You may know him for his roles as Rowdy Yates, Blondie, Dirty Harry, or The Man with No Name. Otherwise, you probably know him as an Oscar-winning director who was the mastermind behind Million Dollar Baby, Gran Torino, Richard Jewell, and many more critically-acclaimed films (via IMDb). He’s an actor. He’s a director. He’s a producer. But have you ever heard about Clint Eastwood’s real-life role as Mayor of Carmel, California?

On April 8, 1986, the Hollywood hotshot traded out his holsters and clapperboard for the keys to a city when he defeated incumbent Charlotte Townsend to become the next mayor of a small seaside city in his native state. It all started the year prior, when Eastwood sued Carmel’s city council after they complicated his plans to erect office buildings on his property. The whole ordeal showed him how opposed local officials were to pursuing any kind of significant development. According to Mental Floss, he decided to run just hours before the deadline to be on the ballot. Here’s everything else you need to know about Clint Eastwood’s brief foray into politics.

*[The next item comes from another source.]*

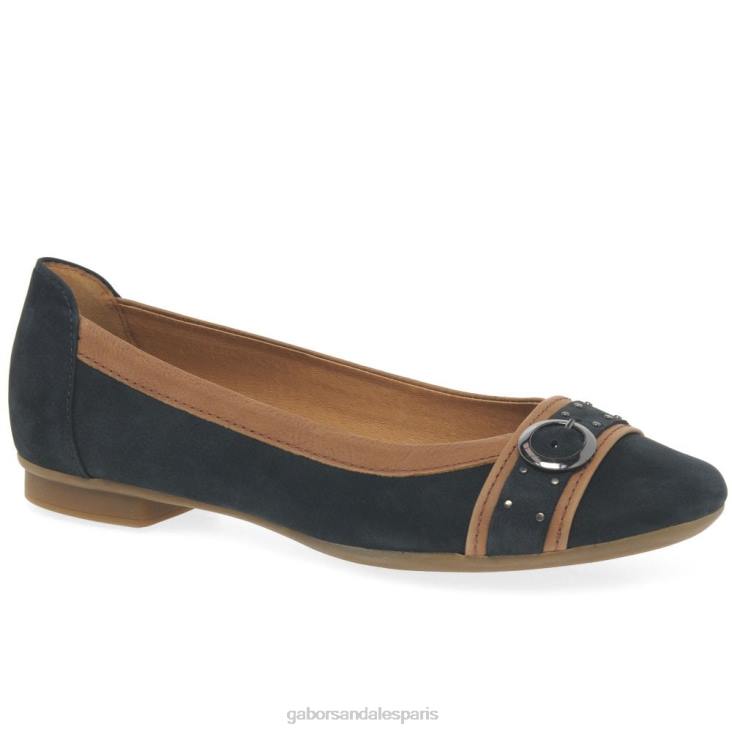 femmes Gabor nubuck bleu nuit/cognac escarpins décontractés à boucle à clous Michelle chaussure 4LHL93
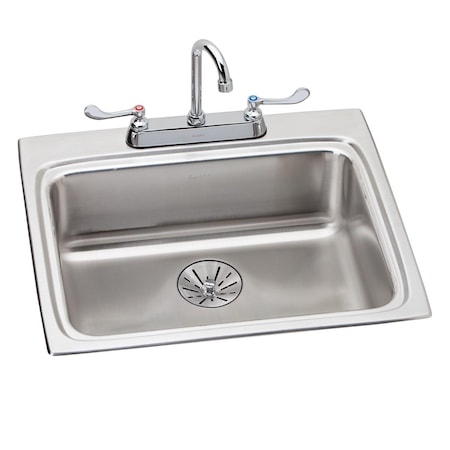 Lustertone Stainless Steel 25X22X6-1/2 Single Bowl Top Mount Ada Sink + Faucet Kit W/Perfect Drain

Clint Eastwood's political platform centered on ice cream

Before Clint Eastwood came onto the scene, Carmel — which is also called Carmel-by-the-Sea — only took up one meager square mile of land. The city lacked a single street sign or mailbox, and, get this — a 1929 zoning law even banned the sale of ice cream cones (via Mental Floss). His nonpartisan campaign focused on overturning antiquated ordinances such as these. After winning the election by a long shot (2,166 to 799 votes), Eastwood turned his focus toward protecting the environment as well as building a parking lot, a library annex, public restrooms, and beach walkways. Last but not least, he followed through on his campaign promise and approved an application for an ice cream parlor (via Time).

Although Eastwood only served a single two-year stint as mayor, his involvement in politics didn’t end there. In 2001, Governor of California Arnold Schwarzenegger appointed him to the California State Park and Recreation Commission. According to the Los Angeles Times, the fellow actor-turned-politician reappointed Eastwood for the role again in 2004, before asking him to hang up his hat four years later. Eastwood also delivered a speech at the 2012 Republican National Convention, which he apparently now regrets (via Washington Post). For the most part, though, Clint Eastwood has spent the last few decades cranking out hit movies. And as he’s about to surpass the mighty age of 90, you probably won’t come across his name on any future ballots.